Market Order Vs. Limit Order And When To Use Them | Bankrate (2024)

Our writers and editors used an in-house natural language generation platform to assist with portions of this article, allowing them to focus on adding information that is uniquely helpful. The article was reviewed, fact-checked and edited by our editorial staff prior to publication.

When you place a stock trade, you have two big alternatives for how to get it done: a market order and a limit order. These two order types tell your broker exactly how to execute your trade — market orders are meant to execute as quickly as possible at the current market price, while limit orders are meant to specify a price at which an investor is willing to buy or sell. By selecting the right order type, you can save money or even make more money on your trade.

Here are the differences between market orders and limit orders, and when to use each one.

Market order vs. limit order

The distinction between a market order and a limit order is fairly straightforward, but when to use them may be less so.

  • A market order instructs your broker to execute your trade of a security at the best available price at the moment you send in your order.

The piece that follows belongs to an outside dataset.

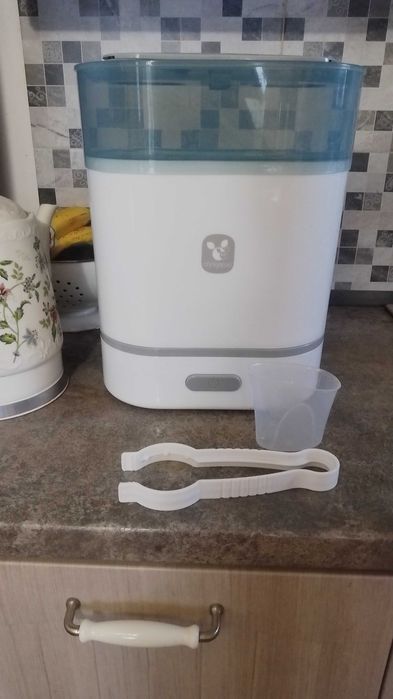 помпа за кърма Philips Avent + 2 шишета с допълнителни биберони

If you’re buying, you’ll transact at the seller’s asking price. If you’re selling, you’ll transact at the buyer’s bidding price. The bid and the ask could differ substantially at times, and you have no control over pricing here.
  • A limit order instructs your broker to execute your trade only at the price you specify or better. If you’re selling, you will transact only if you can get your limit price or higher. If you’re buying, your trade will execute only if you can get your limit price or less. Often you can set a limit order to be valid for up to three months, though it varies by broker.

Besides these two most common order types, brokers may offer a number of other options, such as stop-loss orders or stop-limit orders. Order types differ by broker, but they all have market and limit orders.

Market orders: Advantages and disadvantages

Each order type can get your trade executed, but one may work better in a given situation than the other. Here’s when you should consider using each type.

A market order works better when:

  • You want to get the trade done now, regardless of price. It’s important to note that on thinly traded stocks, this could move the price up or down significantly.
  • You’re trading the stock of a large company. The stocks of large companies tend to be very liquid, with the bid and ask prices usually only a penny or two apart. You may get the last quoted price or even better, depending on the market at that moment.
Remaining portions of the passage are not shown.